Melanoma risk is increased 80% by sustaining five or more sunburns in youth. One US study showed that 54% of children become sunburned or tanned in their second summer, versus 22% in their first.
“Children should not be getting sunburned at any age, especially since there are a range of very effective sun protection methods that can used,” said Perry Robins, MD, President, The Skin Cancer Foundation. “Parents need to be extra vigilant about sun protection all the time.”
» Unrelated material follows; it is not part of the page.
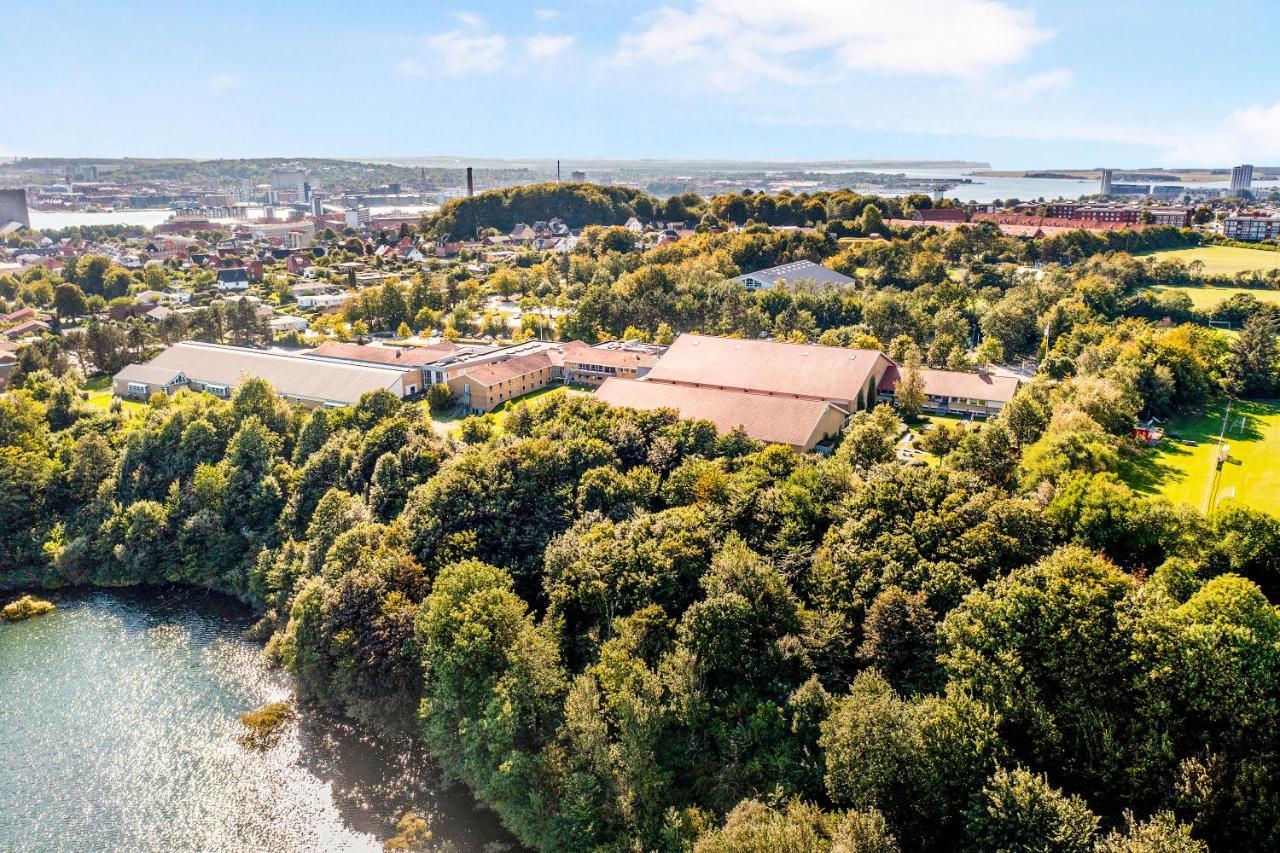 Danhostel Norresundby Skansen Экстерьер фото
Here are some ways to protect their young children.
Infants (0-6 months)
Infants under 6 months should be kept out of the sun because their skin is too sensitive for sunscreen. An infant’s skin possesses little melanin, the pigment that gives color to skin, hair and eyes and provides some sun protection. Therefore, infants get especially the sun’s damaging effects easily. Parents should take walks early in the morning before 10 AM or after 4 PM and use a stroller with a sun-protective cover. In addition, dress baby in lightweight clothing that covers the arms and legs and choose a wide-brimmed hat or bonnet that protects the baby’s face, neck, and ears.
Babies (6-12 months)
In this period, it’s safe to use sunscreen on babies. You should apply broad-spectrum, SPF 15+ sunscreen to areas left uncovered such as baby’s hands. Choose tear-free formulas that won’t sting baby’s eyes. Moreover, using a spray sunscreen should not be applied directly to the face. Parents should mist sprays into the hands, and then spread on the face. It’s very important for sunscreen to be applied 30 minutes before going outside and reapplied every two hours or after swimming or excessive sweating.
It is important to educate your child and caregivers because protecting toddlers from the sun requires a little more thought and effort. You should use broad-spectrum sunscreens with an SPF 15 or higher for your toddlers and choose water-resistant, spray-on sunscreens for toddlers who won’t sit still. Spray sunscreens should not be applied directly to the face. You should mist spray into the hands, then spread on the face and make sure your child seeks the shade between 10 AM and 4 PM.
Toddlers should be covered by long-sleeved, unbleached cotton clothing that is cool and comfortable, while also highly protective. Clothing with an Ultraviolet Protection Factor (UPF) listing on the label offers extra security. The Skin Cancer Foundation recommends clothing with a UPF of 30 or higher.